Each line below from the one containing "Czwarte zdjęcie samochodu" through the one containing "L'église Saint Régis" should be output exactly as it stands, and no other line should appear.

# Input records
────

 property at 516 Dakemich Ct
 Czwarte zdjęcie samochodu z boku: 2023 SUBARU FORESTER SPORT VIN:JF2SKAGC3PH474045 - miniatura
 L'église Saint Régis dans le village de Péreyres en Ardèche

────

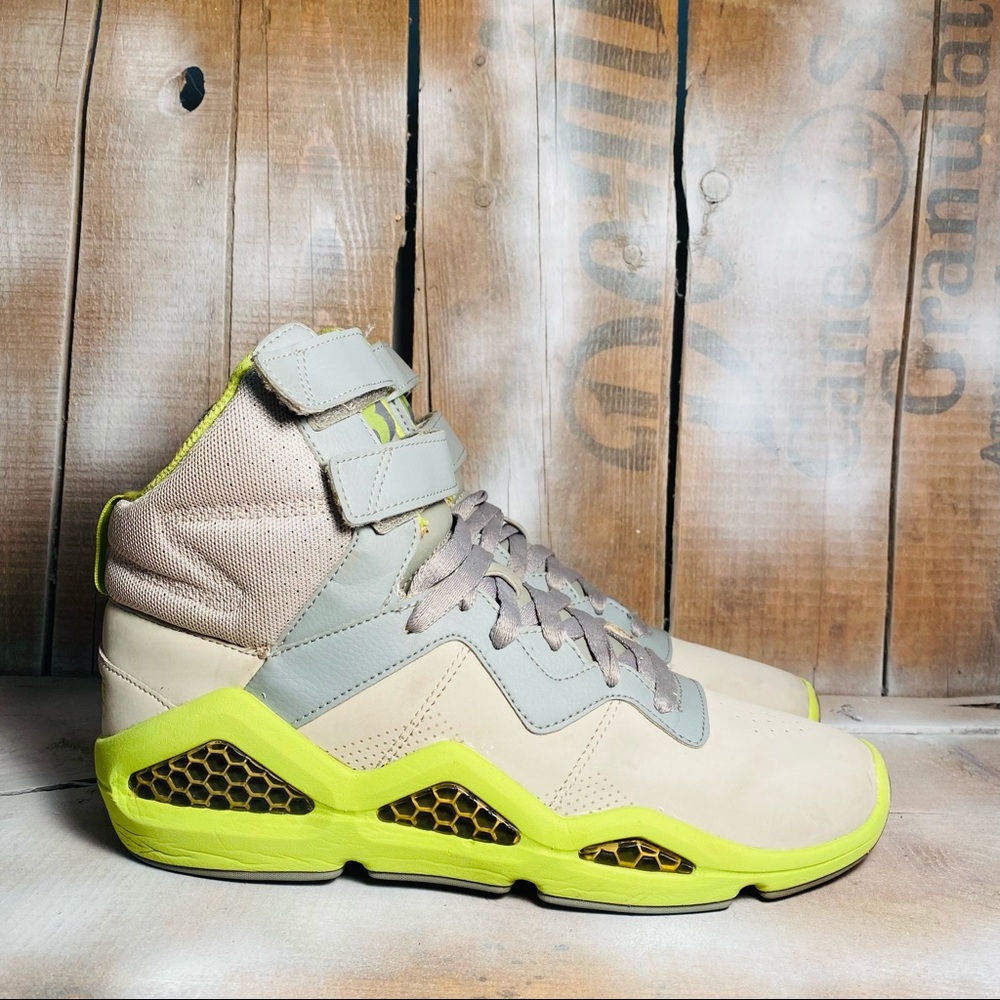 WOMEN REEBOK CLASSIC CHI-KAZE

────

# Exercise output
 Czwarte zdjęcie samochodu z boku: 2023 SUBARU FORESTER SPORT VIN:JF2SKAGC3PH474045 - miniatura
 L'église Saint Régis dans le village de Péreyres en Ardèche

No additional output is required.